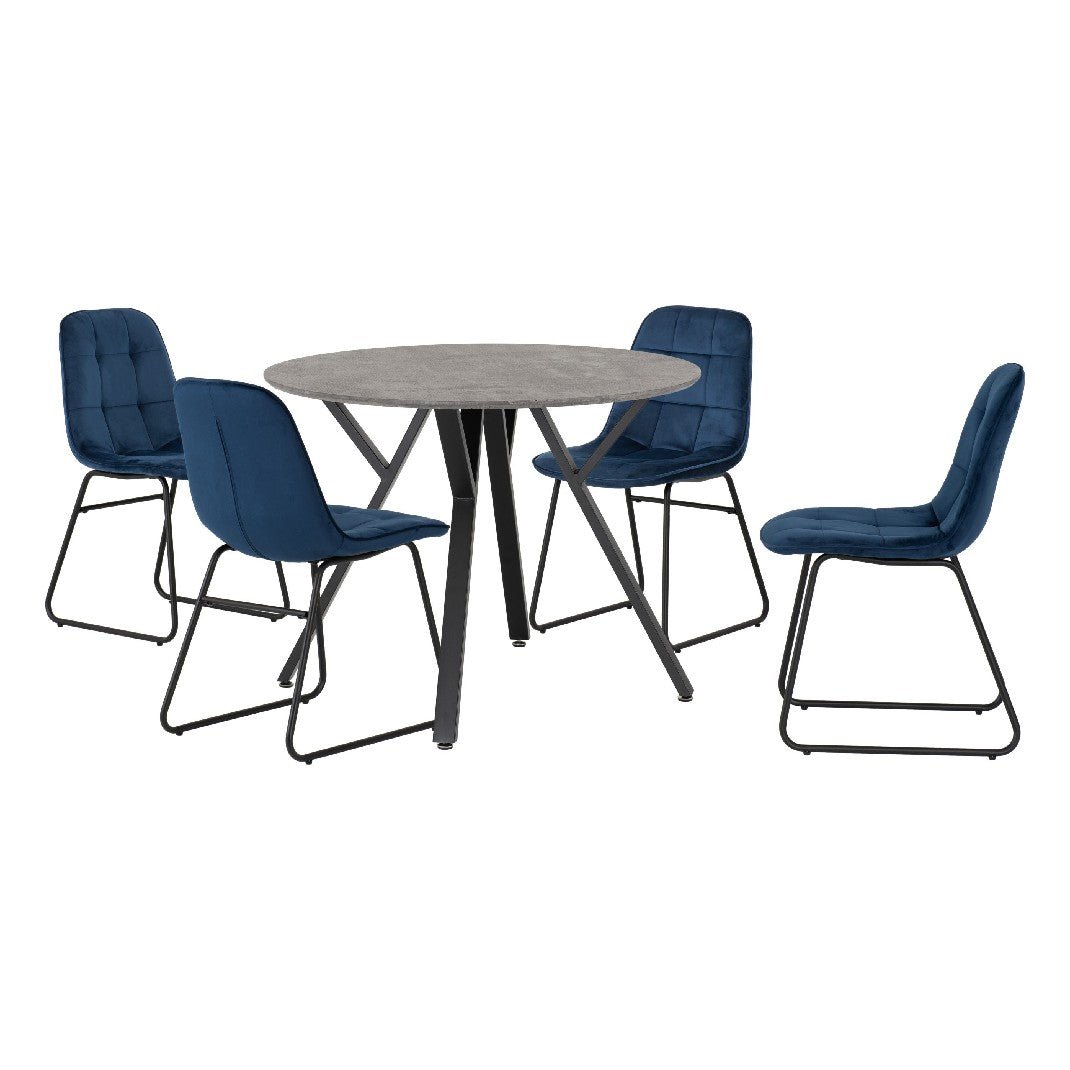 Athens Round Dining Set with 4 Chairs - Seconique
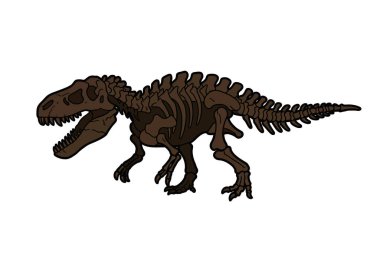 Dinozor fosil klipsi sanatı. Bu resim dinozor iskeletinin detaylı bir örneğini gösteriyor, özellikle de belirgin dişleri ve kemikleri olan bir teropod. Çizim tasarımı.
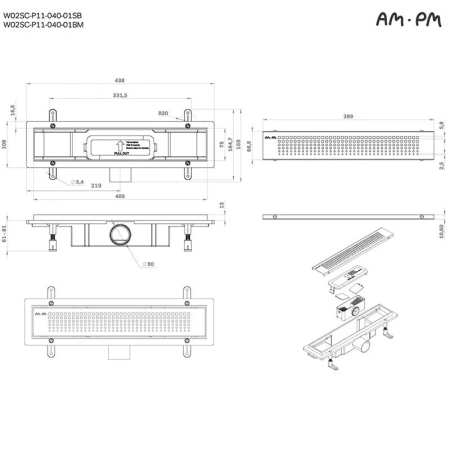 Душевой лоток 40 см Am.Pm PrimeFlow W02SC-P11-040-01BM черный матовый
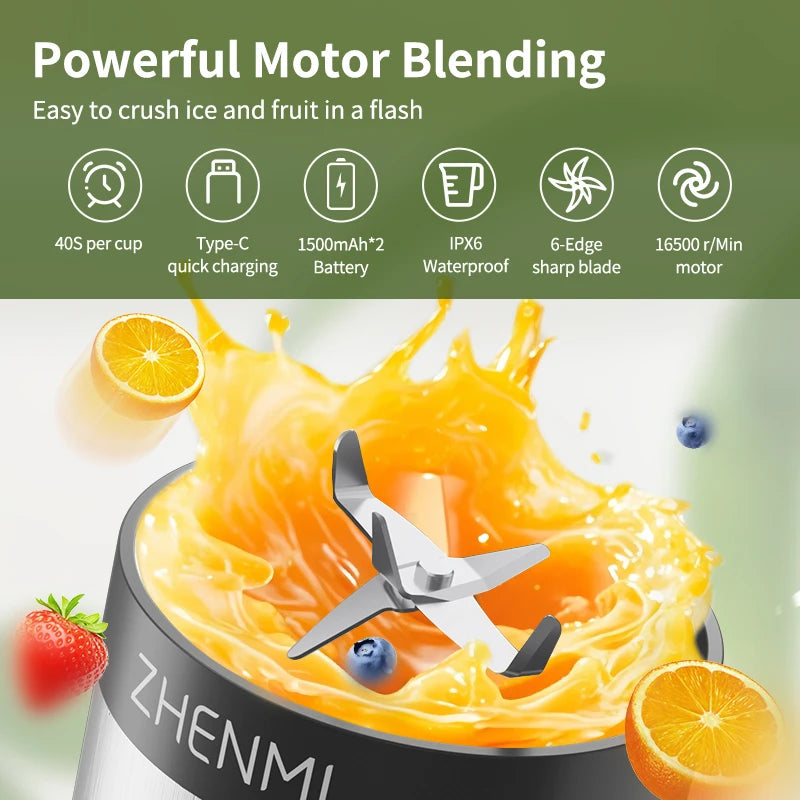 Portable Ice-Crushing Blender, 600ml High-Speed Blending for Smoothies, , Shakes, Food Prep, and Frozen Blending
┄┄┄┄┄┄┄┄┄┄┄┄┄┄┄┄┄┄┄┄
▶ YOUR TASK:
With the pictures removed, copy the data above word for word.

▶ ANSWER FOR THIS EXERCISE:
 Athens Round Dining Set with 4 Chairs - Seconique
 Dinozor fosil klipsi sanatı. Bu resim dinozor iskeletinin detaylı bir örneğini gösteriyor, özellikle de belirgin dişleri ve kemikleri olan bir teropod. Çizim tasarımı.
 Душевой лоток 40 см Am.Pm PrimeFlow W02SC-P11-040-01BM черный матовый
 Portable Ice-Crushing Blender, 600ml High-Speed Blending for Smoothies, , Shakes, Food Prep, and Frozen Blending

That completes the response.